JAMA Dermatol; ePub 2016 Aug 10; Chen, et al

A claims-based algorithm for identifying keratinocyte carcinoma (KC) with high sensitivity and specificity offers a reliable mechanism for ascertaining KC for epidemiological research in the absence of cancer registry data, a recent study found. These findings also demonstrate the value of recursive partitioning in deriving valid claims-based algorithms. Researchers conducted an 18-year retrospective study using population-based administrative databases linked to 602,371 pathology episodes from a community laboratory for adults.
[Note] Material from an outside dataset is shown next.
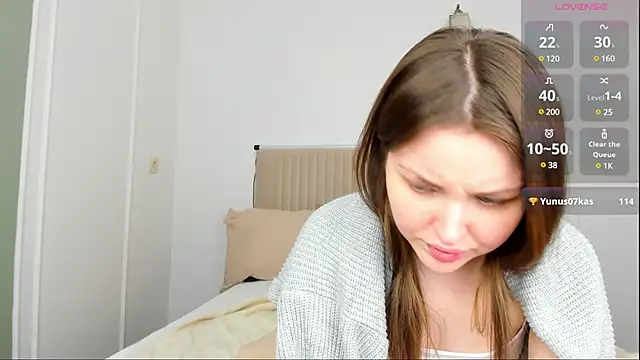 Snapshot of Lora_Rosee chatting on 02.18.25 Lora Rosee online show from 02.18.25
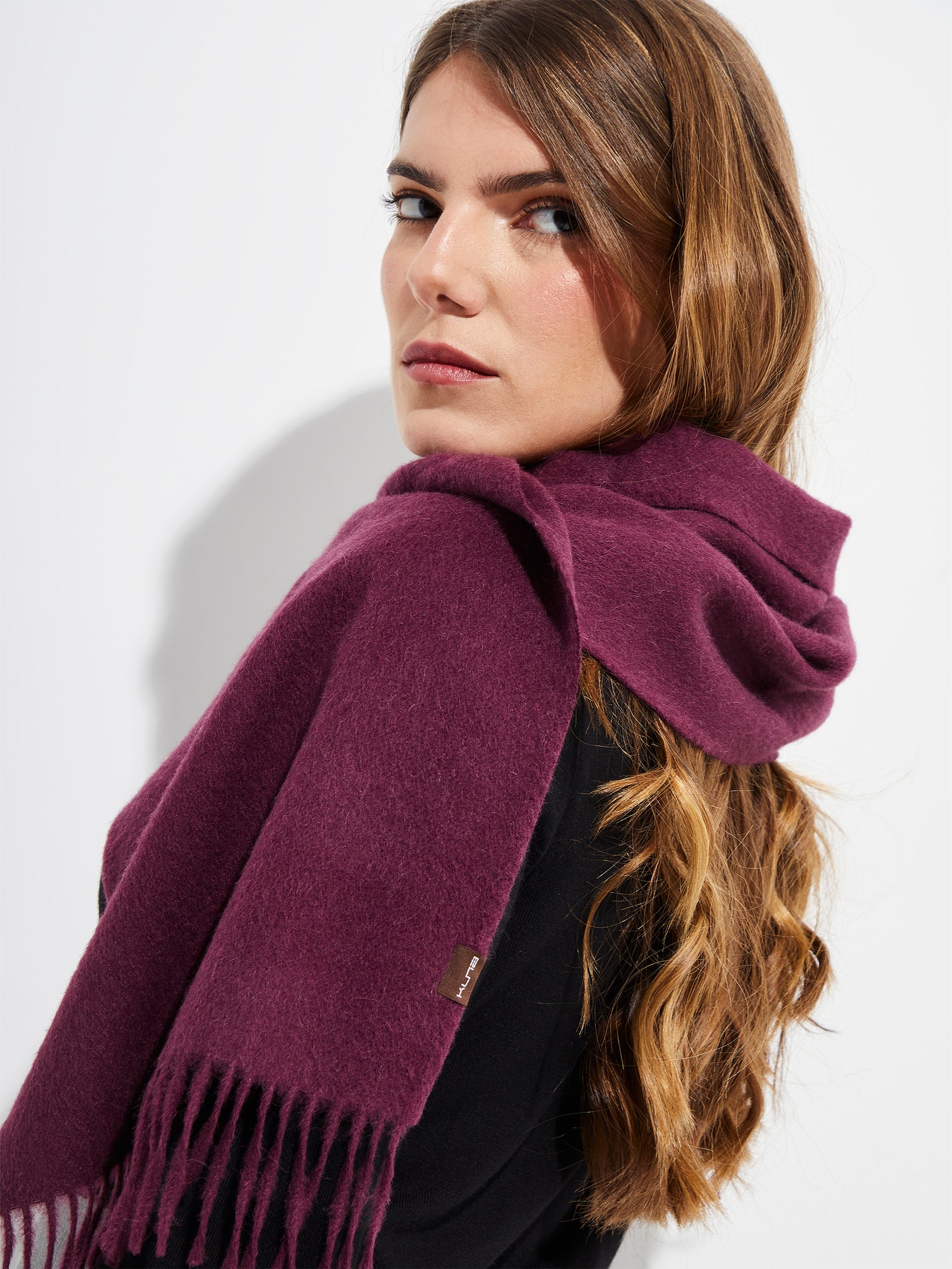 Jamas Scarf Royal Alpaca Color Guinda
They found:

• Among total pathology episodes, 131,562 (21.8%) had a diagnosis of KC.

• The final derived algorithm outperformed the 5 simple pre-specified algorithms and performed well in both community and hospital data sets in terms of sensitivity (82.6% and 84.9%, respectively), specificity (93.0% and 99.0%, respectively), positive predictive value (76.7% and 69.2, respectively), and negative predictive value (95.0% and 99.6%, respectively).

• Algorithm performance did not vary substantially during the 18-year period.

Citation:

Chan AW, Fung K, Tran JM, et al. Application of recursive partitioning to derive and validate a claims-based algorithm for identifying keratinocyte carcinoma (nonmelanoma skin cancer). [Published online ahead of print August 31, 2016]. JAMA Dermatol. doi:10.1001/jamadermatol.2016.2609.